Je n'oublie pas non plus que si ce mémorial a vu le jour, en dehors des élus que je viens de citer, c'est grâce aussi à certaines personnalités alors en responsabilités. Je voudrais donc saluer le travail de mon prédécesseur et ami Kader Arif qui a joué un rôle moteur avec le préfet de l'époque Michel Lalande. Saluer aussi Laurent Beauvais alors président du Conseil Régional de Basse Normandie, l'ancien président de la Communauté de Communes de Falaise, Jean-Marie Gasnier qui a eu à gérer cette phase décisive de 2012 à 2014.
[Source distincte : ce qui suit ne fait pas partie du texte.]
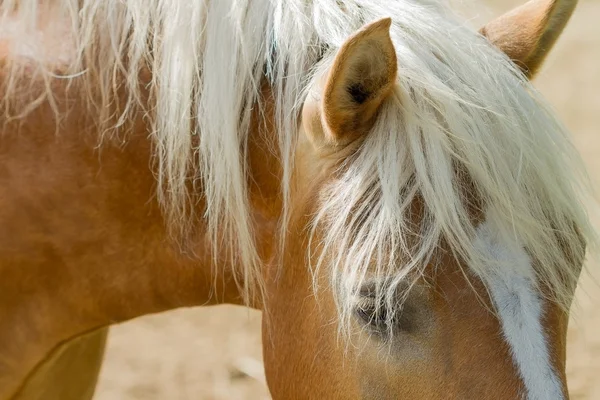 Horse — Stock Photo, Image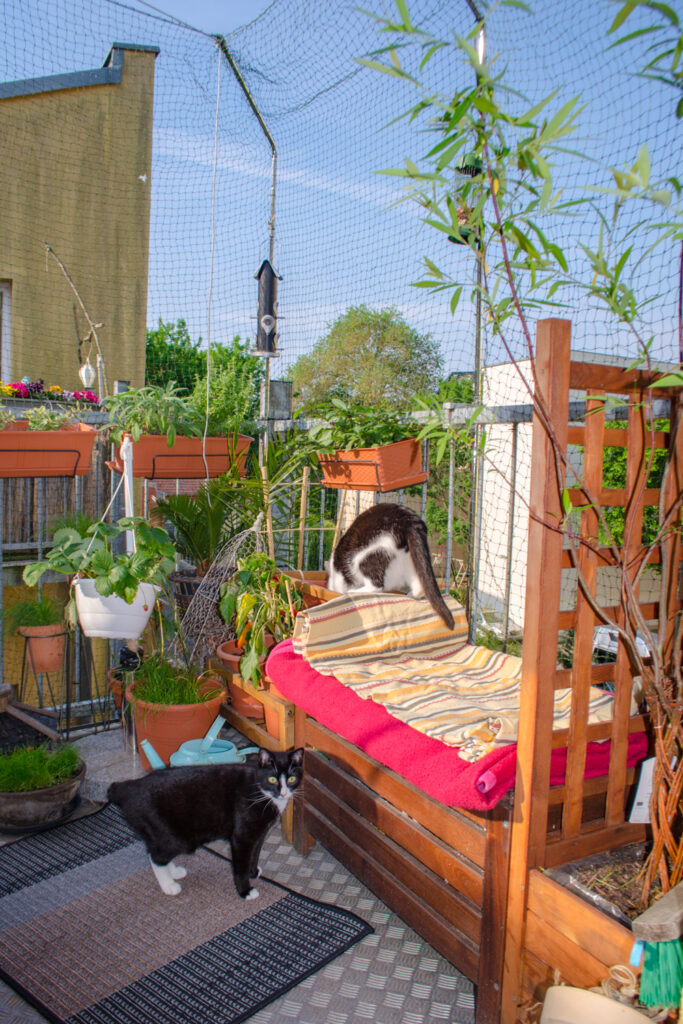 Freddy & Polly freuen sich am Balkon mit Katzenetz (beinhaltet Werbung)
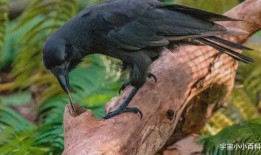 乌鸦吃瓜打架视频播放全集,一场爆笑全记录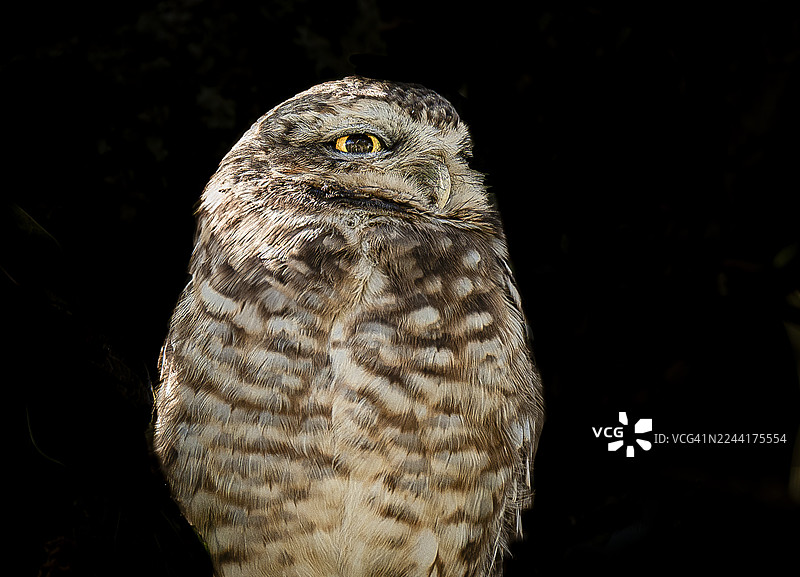 一只表情桀骜不驯的猫头鹰的特写，它有着黄色的眼睛。图片素材
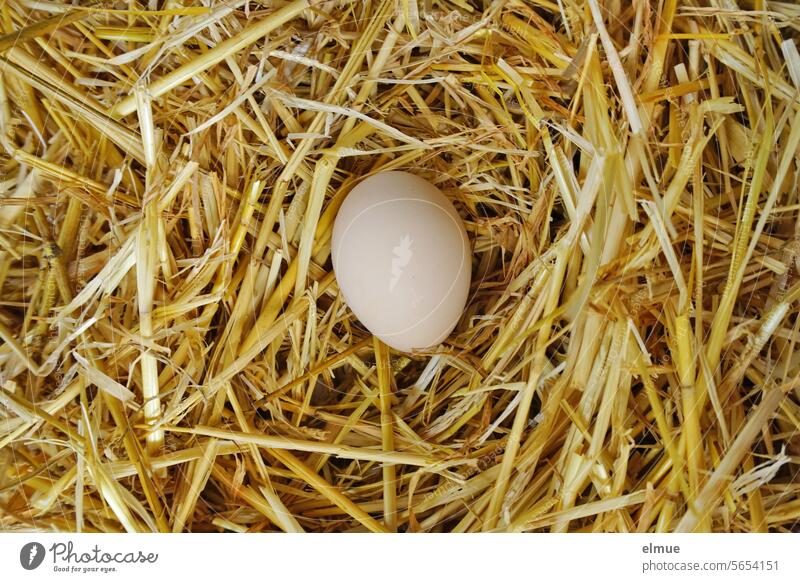 White hen's egg in straw Egg Hen's egg Food Straw Easter egg Organic produce Feasts & Celebrations fertility symbol Blog Decoration keeping chickens Spring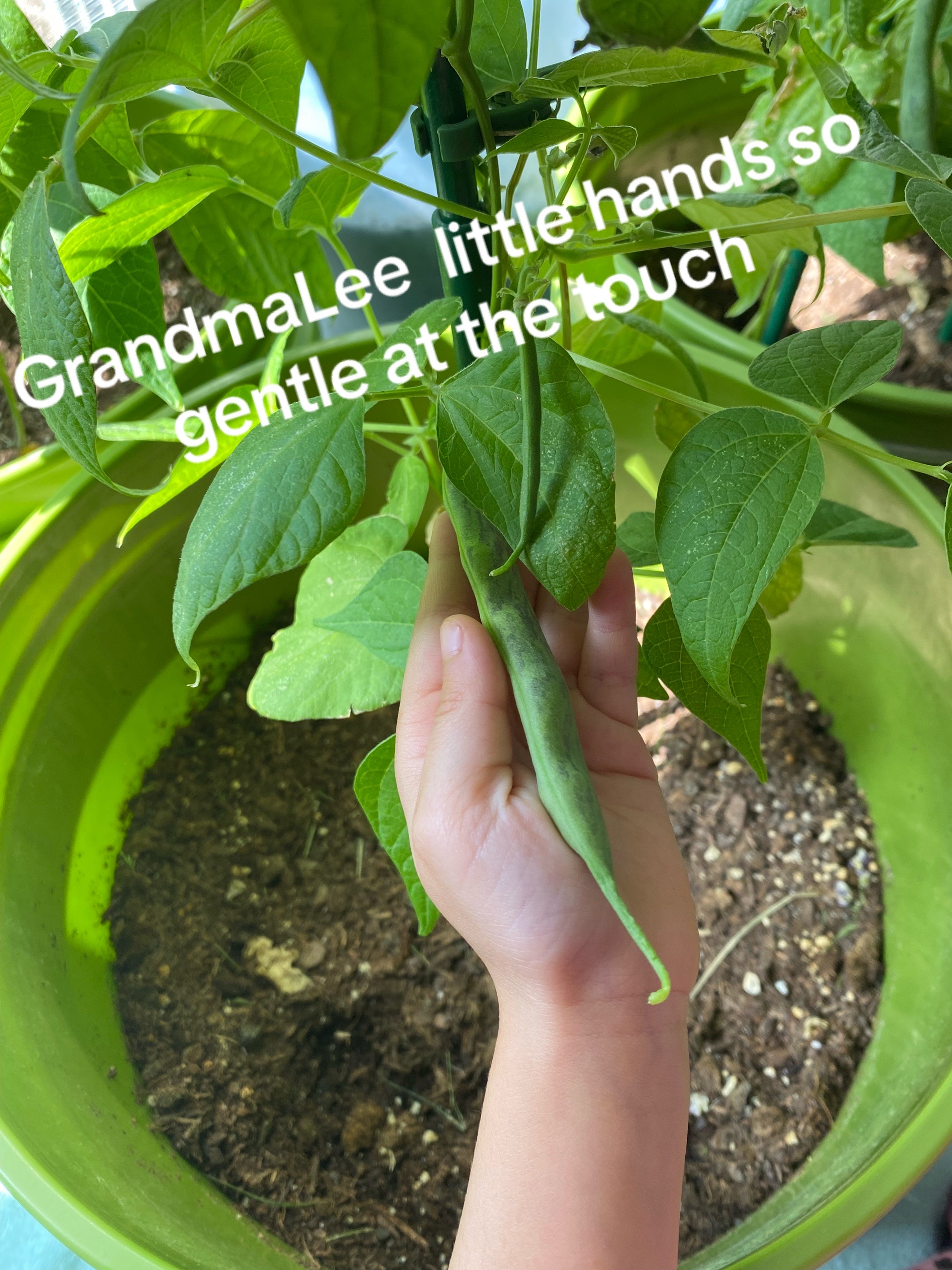 @Grandma Lee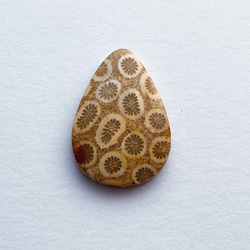 ◎ 天然の神秘石 ◎ フォシルコーラル (天然サンゴ化石) 4枚目の画像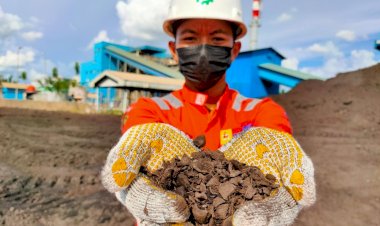 Biomassa Indonesia Bersaing di Pasar Internasional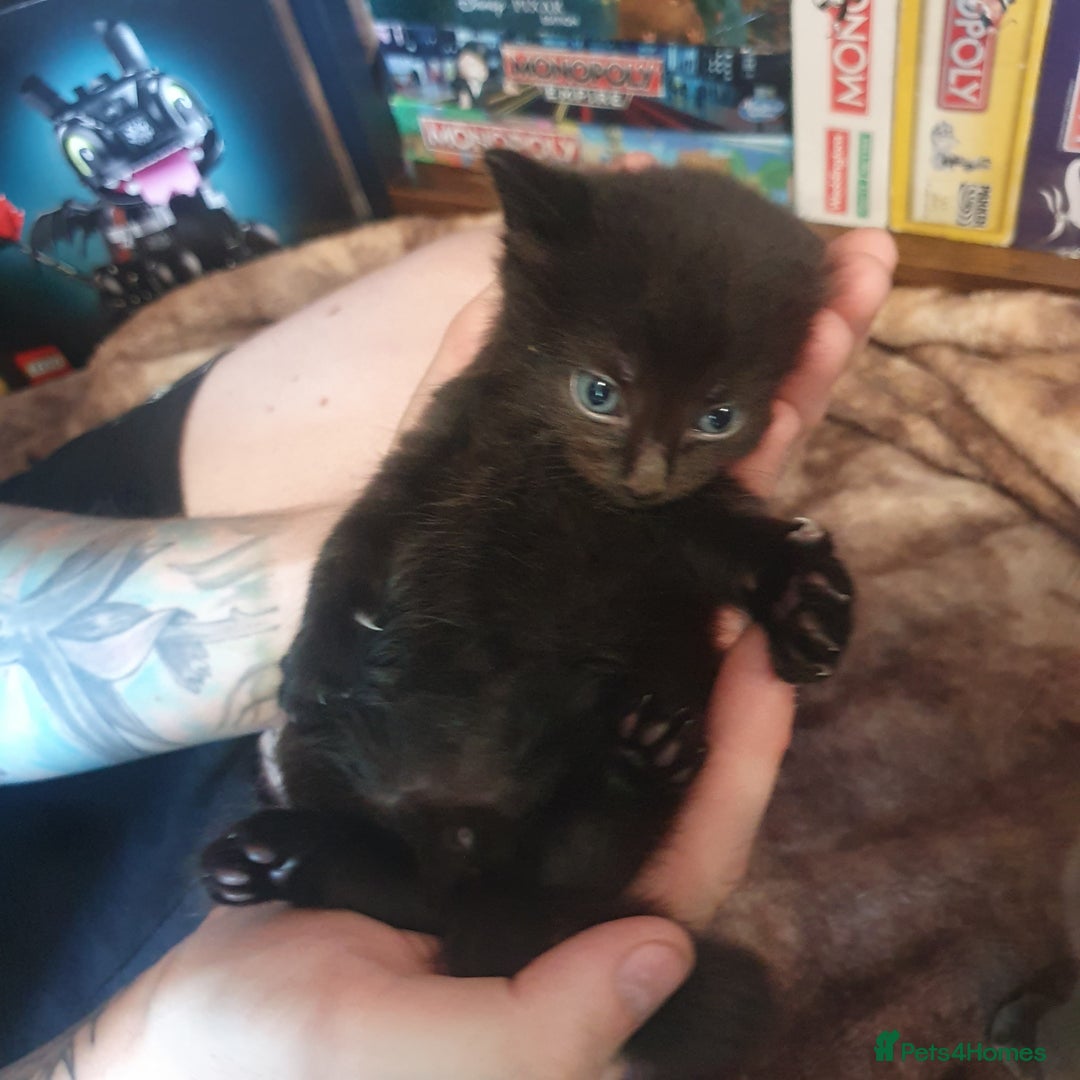 British Longhair cats for sale: Beautiful Black kittens (1 left 4 sold) - Image 4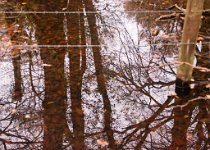 K20D2526 edited-1 : 3 Stars, RAW, Baddelsey Common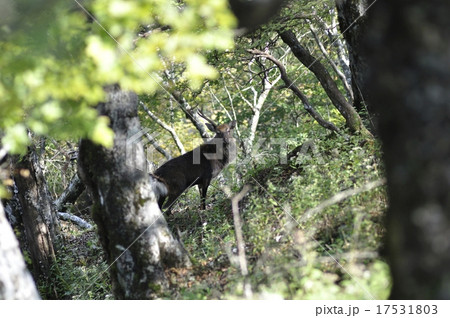 丹沢の鹿 17531803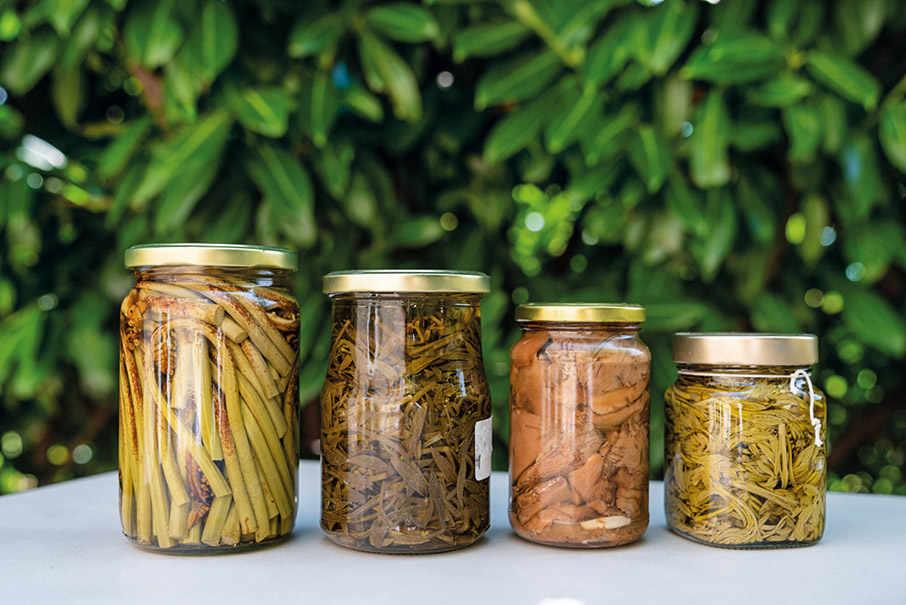 Τροφοσυλλογή: Από το δάσος στο πιάτο-3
Je ne reviendrai pas sur le rôle que vous avez joué Madame la Ministre, chère Clotilde, alors députée de la 3èmecirconscription du Calvados. Bref, tous les échelons ont collaboré étroitement à cette réalisation.
Je voudrais conclure en rappelant que la terre de Normandie a connu des mois d'angoisse. Janine Adam, qui était encore enfant à l'été 44, se souvient en ces termes des bombardiers : « Ils arrivaient en formation triangulaire, comme à la parade. Ils resplendissaient. On aurait dit des avions en argent. On ne se rendait pas compte. Et puis on s'est retrouvés soufflés, projetés jusqu'au fond de la salle. »
Les épreuves que Janine Adam traversa furent celles de milliers de Normands, de milliers de Françaises et de Français.
Le Mémorial de Falaise rend enfin l'hommage que tous ces civils méritaient et contribue désormais à la prise de conscience des souffrances que peuvent endurer ces populations, souffrances qui ont aujourd'hui changé de continent ou de latitudes, mais qui nous font réaliser hier comme aujourd'hui que partout où règne le totalitarisme, le racisme, c'est l'humanité toute entière qui souffre et qui recule.